The ‘self-model’ in attachment theory is responsible for what we would call our sense of self. This model determines how we see ourselves internally, how confident we are, our self-esteem and how independent or dependent we are.
The ‘other-model’ is responsible for how we relate to and see others. This can impact how avoidant we are in relationships, how we approach social interactions, conflict, isolation and loneliness.
Ultimately, Bowlby believed that an infant needs to have a secure relationship with an adult carer, no matter the gender, who is sensitive, responsive and caring in instances where the infant is experiencing distress. Without this secure relationship, and without care and nurture in those moments of distress, an infant will struggle to achieve normal social and emotional development.
How does this relate to abusive parents and specifically, the men in Elie Godsi’s report?

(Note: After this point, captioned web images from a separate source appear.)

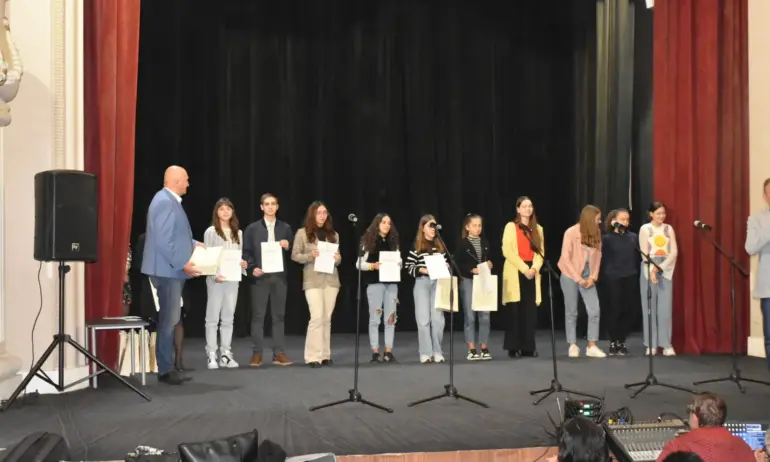 Община Ловеч награди участници в конкурса Историята помни. А ние? - Tribune.bg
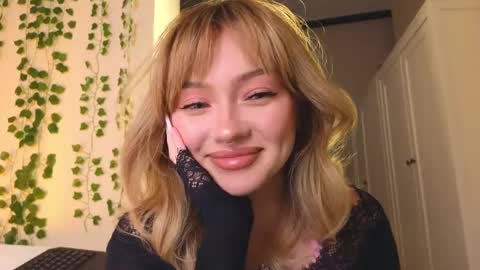 Snapshot of baby_adele chatting on December 17, 5:47 pm bb adele online show from December 17, 5:47 pm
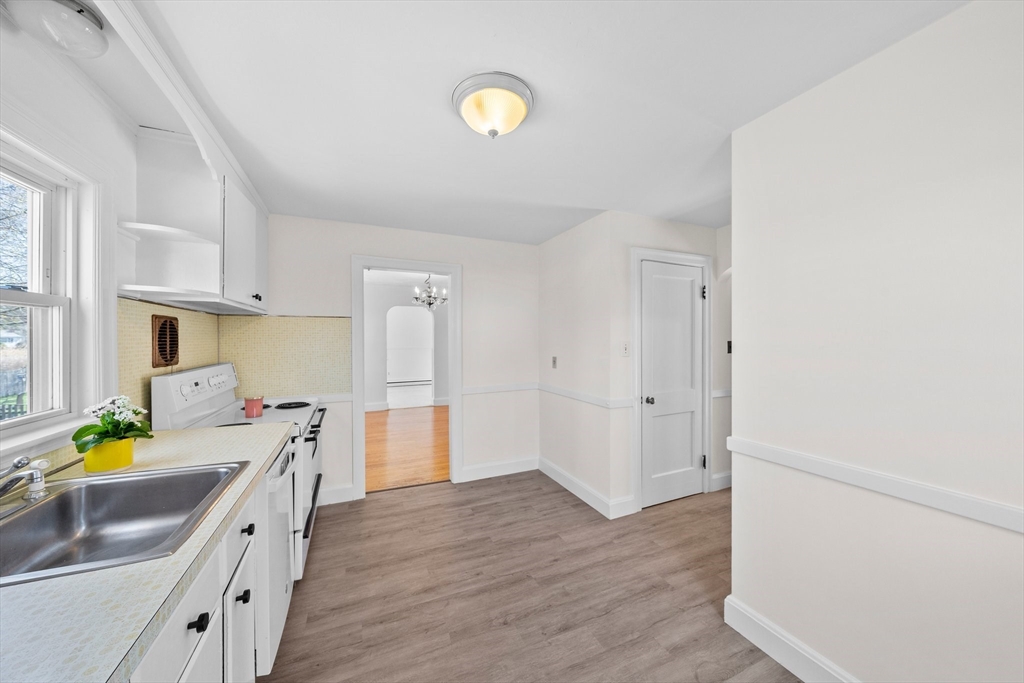 63 Hurlcroft Road Milton, MA 02186 - Photo 14 of 41 Gallery Image 14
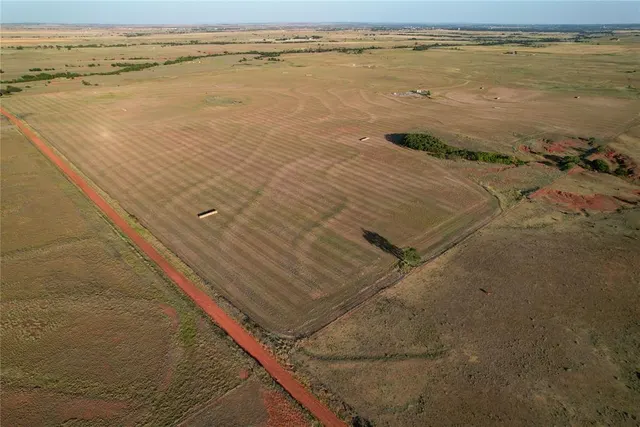 Photo 7 — 160 Acres - E 1140 & N 1860 Roads, Sayre, OK 73662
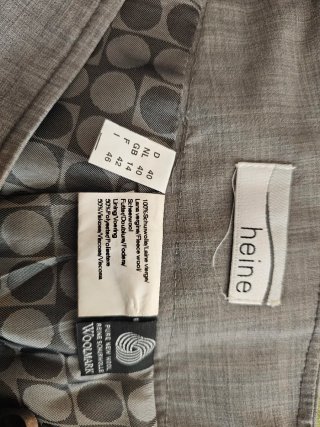 Traje de falda gris de algodón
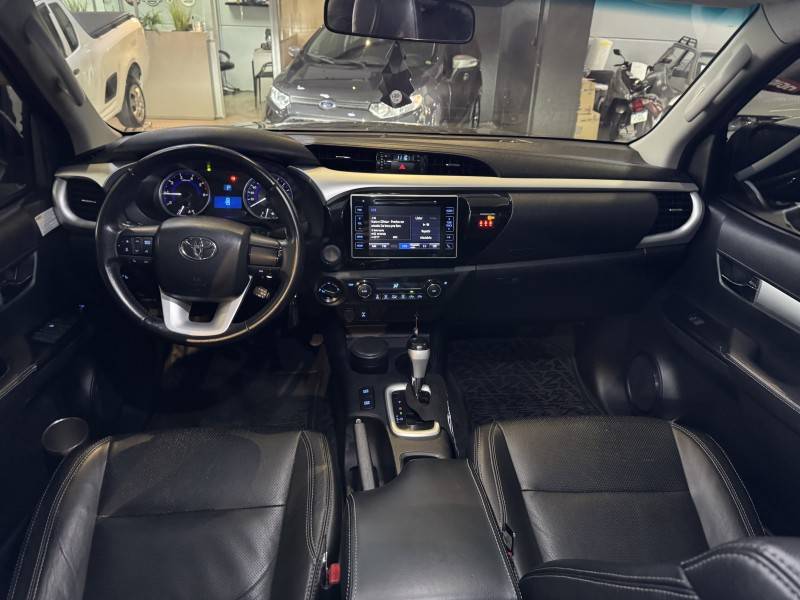 TOYOTA - HILUX - 2018/2019 - Cinza - R$ 180.000,00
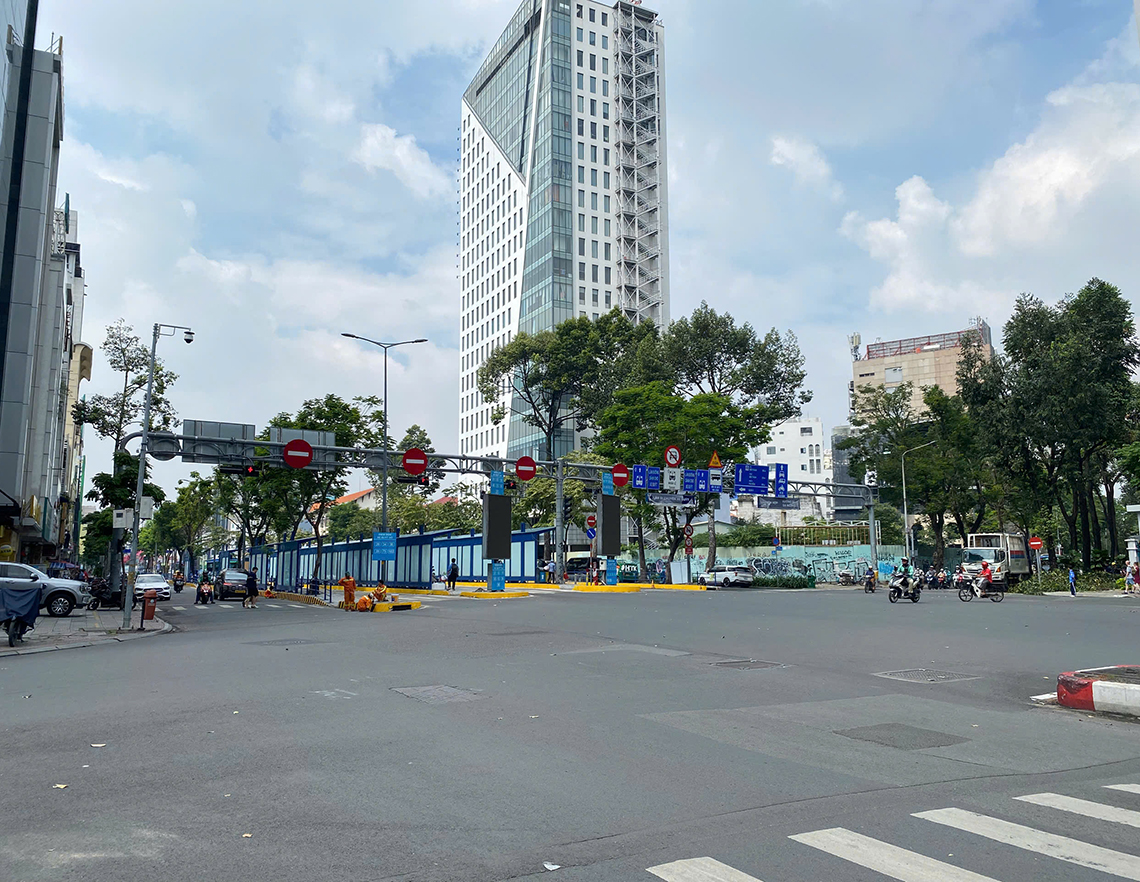 ビジネス街と観光エリアの境目「ハムギー （Ham Nghi）通り」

Elie Godsi found that “many of the men interviewed had significant attachment problems” and also that this echoed findings “in previous research into the same offenses”. To inform their interviews, the report cites the following categories of attachment:
- anxious/preoccupied; this presents as hypersensitive, rejecting and attention seeking
- avoidant/dismissing; this presents as hypo (decreased) sensitive and isolated
- unresolved/disorganised; this presents with a paucity of coping systems, pervasive affective dysregulation and is alternating clingy, rejecting, and fearful of the caregiver
The report found that an insecure attachment with a caregiver occurs during childhood, often as a result of abuse or trauma, and then develops with an individual as they grow and are confronted with new relationships. Friends, partners and children all fall into this dynamic with an insecurely attached person. The report stated:
“As an adult this typically results in a poor sense of identity and by extension a poor sense of self in relation to others. Disturbed, chaotic and disorganised relationships feature prominently as adults.”
Reflecting on how an insecure or disturbed attachment type can impact parenting, Elie Godsi remarked that these attachments “are likely to feature in the quality and nature of the relationship with their own children or any children in their care.”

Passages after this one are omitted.